* INPUT DATA
┏━━

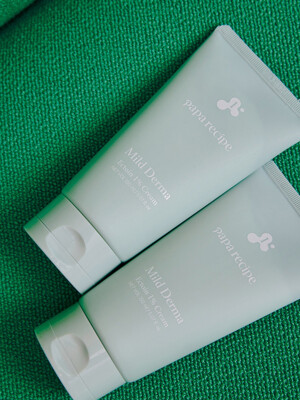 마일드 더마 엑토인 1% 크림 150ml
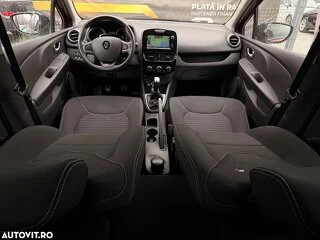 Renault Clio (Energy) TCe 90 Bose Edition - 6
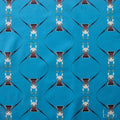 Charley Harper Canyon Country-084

┗━━

Please retype the whole listing above exactly, without any of its images.

 마일드 더마 엑토인 1% 크림 150ml
 Renault Clio (Energy) TCe 90 Bose Edition - 6
 Charley Harper Canyon Country-084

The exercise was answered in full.